Even the most casual observer of foreign affairs now knows that Western allies like Israel are allowed to violate the humanitarian dimension of that bloc’s so-called “rules-based order” with impunity while those of its rivals like Russia who are only accused of doing so risk facing their wrath in response.
The Financial Times reported on Wednesday that “Rush by west to back Israel erodes developing countries’ support for Ukraine”, which cited diplomats and officials who drew attention to how their bloc’s double standards towards these two conflicts discredited it in the Global South. They accurately assessed that this hypocritical stance cost their side whatever gains it made over the past 20 months in winning some hearts and minds among the Global Majority in the developing world.
Even the most casual observer of foreign affairs now knows that Western allies like Israel are allowed to violate the humanitarian dimension of that bloc’s so-called “rules-based order” with impunity while those of its rivals like Russia who are only accused of doing so risk facing their wrath in response.

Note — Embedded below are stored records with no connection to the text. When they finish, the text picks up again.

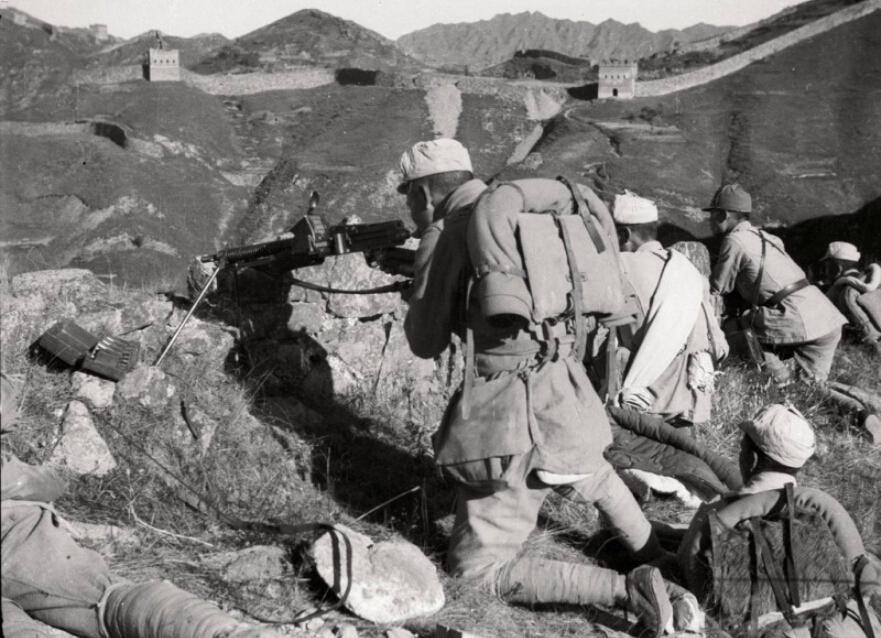 《八路军战斗在古长城》，1943年5月《晋察冀画报》第3期刊发的照片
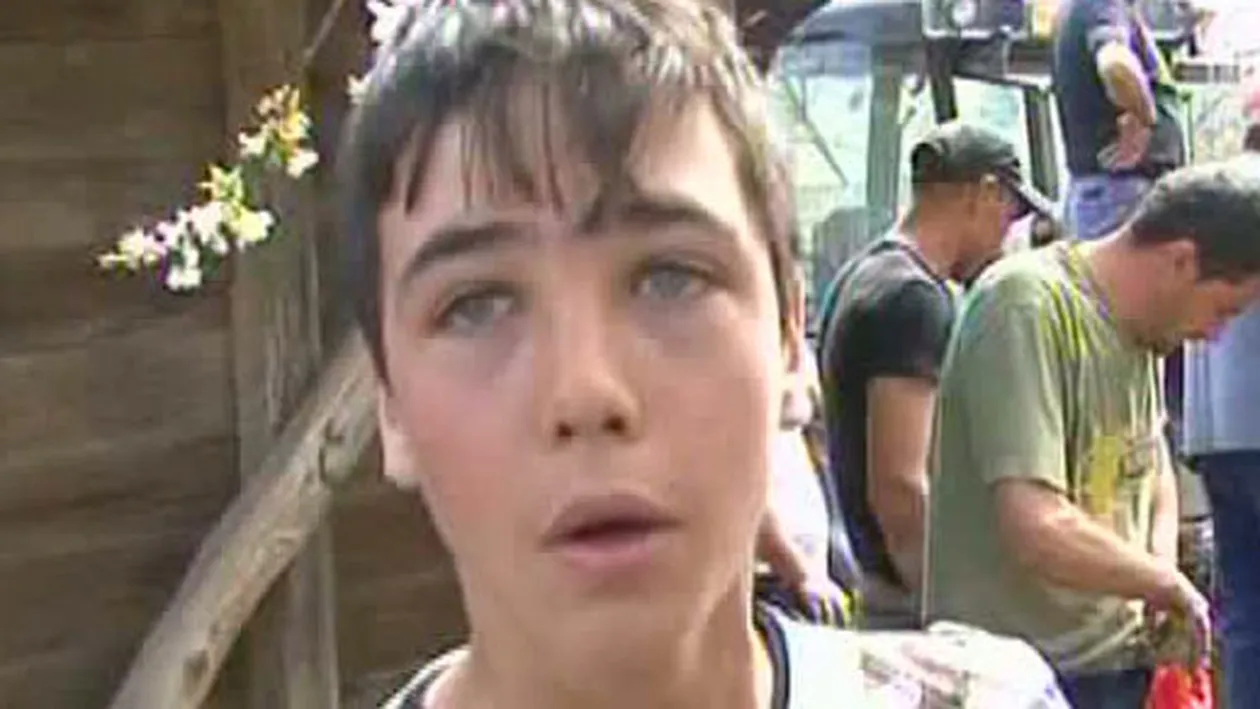 Cristian Becheanu, eroul din Segarcea, a ajuns din nou la sapă de lemn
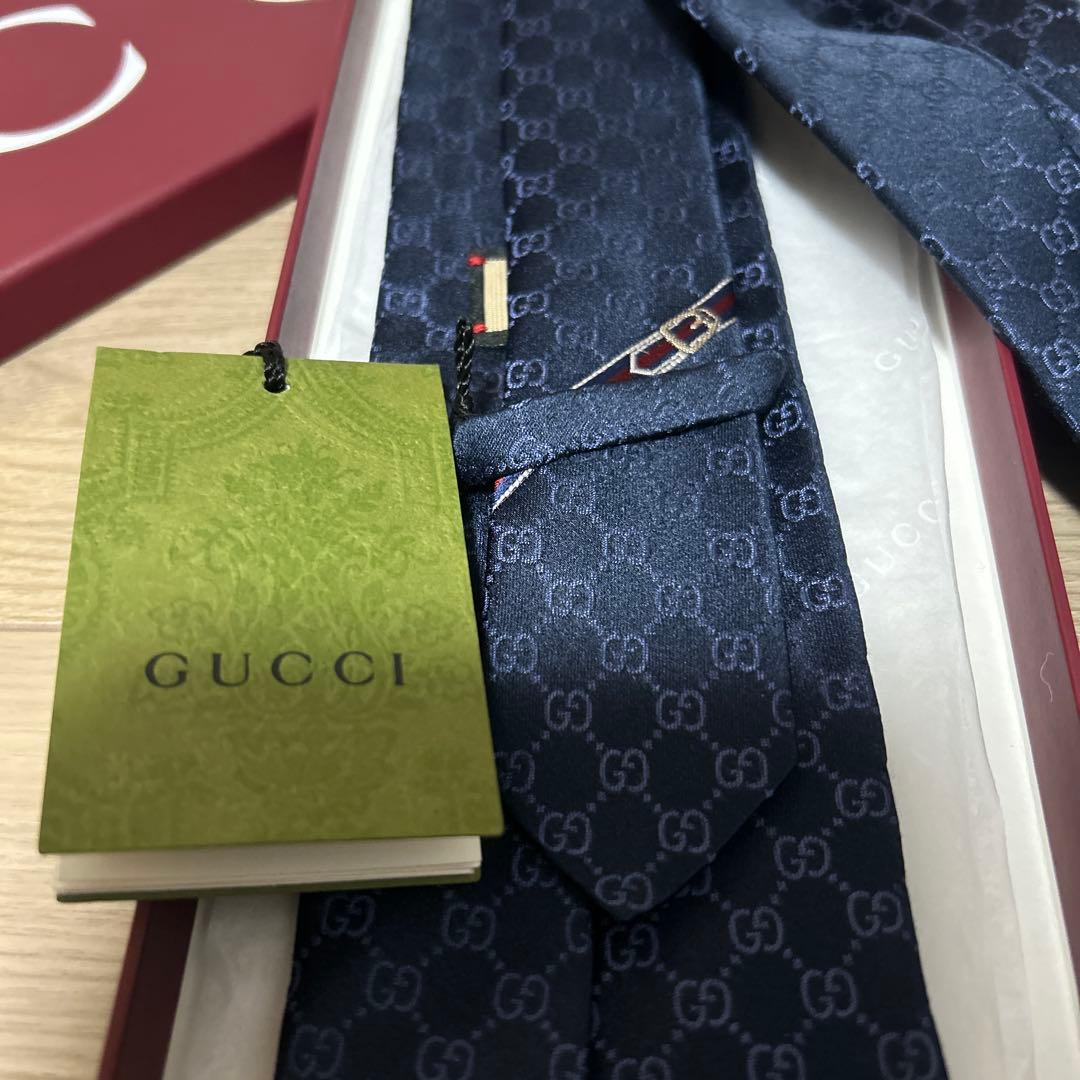 現行モデル　購入価格36,300円　 GUCCI グッチ／ネクタイ2本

Unlike the West’s reaction to Russia’s special operation, not a single policymaker is talking about imposing sanctions against Israel or arming Hamas to fight a proxy war against it in Gaza.

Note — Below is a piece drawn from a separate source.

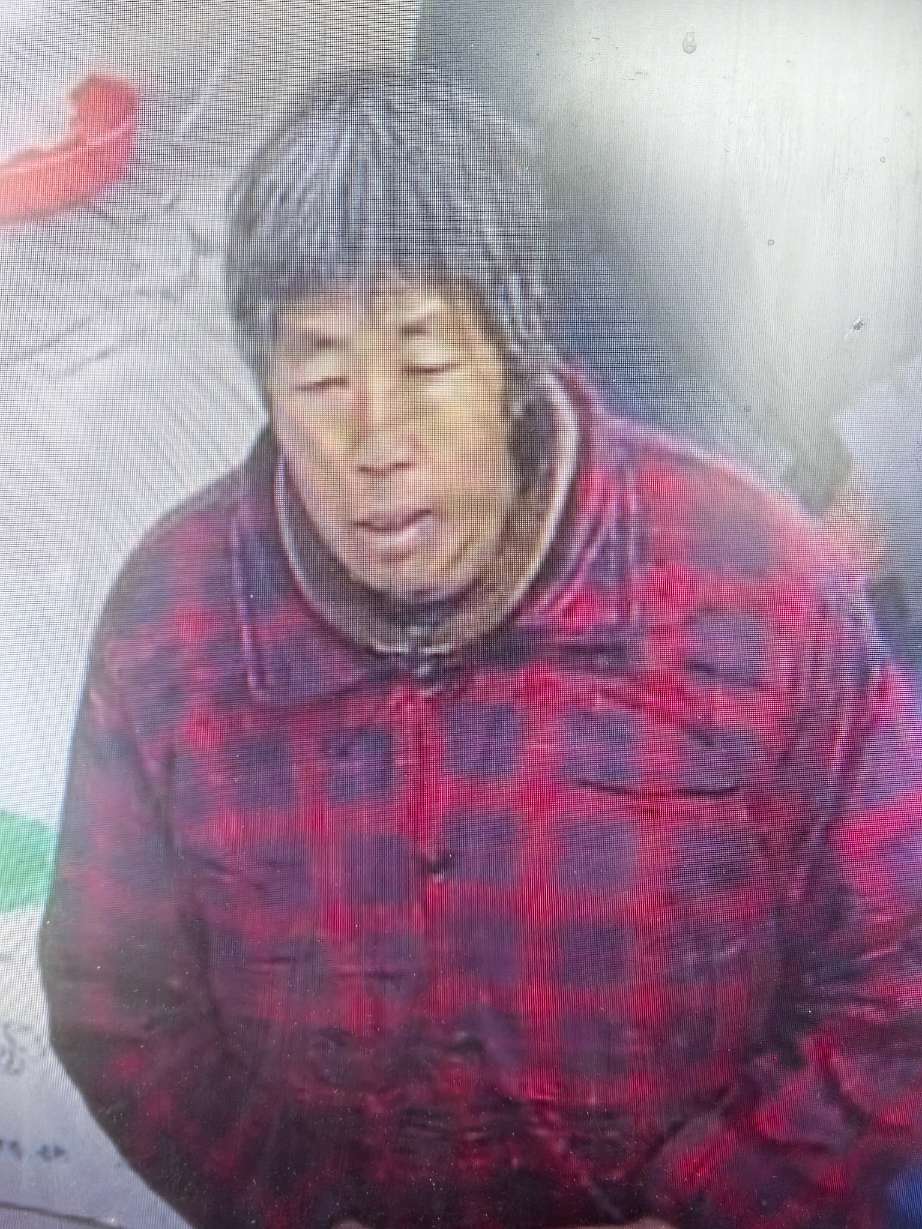 走失者照片 寻找认识她的人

This bloc’s double standards are attributable to its strategists concluding that their side has more to gain in the geopolitical sense by supporting Israel and Ukraine even at the expense of discrediting themselves. Despite some serious disagreements with Netanyahu, the West still considers Israel to be their “unsinkable aircraft carrier” in West Asia that must always be supported at all costs, while Ukraine is considered to be their nationwide platform for containing and then Balkanizing Russia.
These tangible interests take precedence in their policymaking calculations over the optics and rhetoric connected to the “rules-based order”, the concept of which is nothing more than a means for manipulating popular perceptions about the righteousness of their aforesaid geopolitical causes. The “rules” are only arbitrarily enforced whenever strategists believe that it’s to the West’s benefit to do so while the blind eye that they turn towards their allies’ violations are always explained away in some way.

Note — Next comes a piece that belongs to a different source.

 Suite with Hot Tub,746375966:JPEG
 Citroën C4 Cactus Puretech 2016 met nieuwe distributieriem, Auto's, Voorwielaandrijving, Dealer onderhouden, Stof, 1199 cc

In this example, Russia’s special operation is portrayed as an unprecedented violation of European borders in the post-World War II period that’s caused more civilian suffering than any continental conflict since then. It’s also presented as unprovoked by downplaying Russia’s legitimate security interests. By contrast, the integrity of Palestine’s borders is ignored on the basis that Israel’s legitimate security interests justify its violation, and this same reasoning is also used to whitewash civilian casualties.
To be clear, there are some very significant differences between these two examples, but the preceding oversimplification of their commonalities is intended to demonstrate how casual observers of foreign affairs in the Global South see them and thus explain why they don’t trust the West’s rhetoric anymore. The double standards on display are simply too pronounced for them to ignore, and in many of these same people’s minds, they extend credence to Russia’s consistent criticisms of Western hypocrisy.
The end effect is that the West’s reputation continues eroding despite the outreaches that some of their officials have made to the Global South over the last 20 months, which is attributable to this bloc’s strategists prioritizing their side’s geopolitical interests over their soft power ones. Unlike Russia’s balanced approach towards Israel and Hamas, the West decided to support the former at the latter’s expense, which exposed the fallacy of its “rules-based order” concept and lost it the Global South’s trust.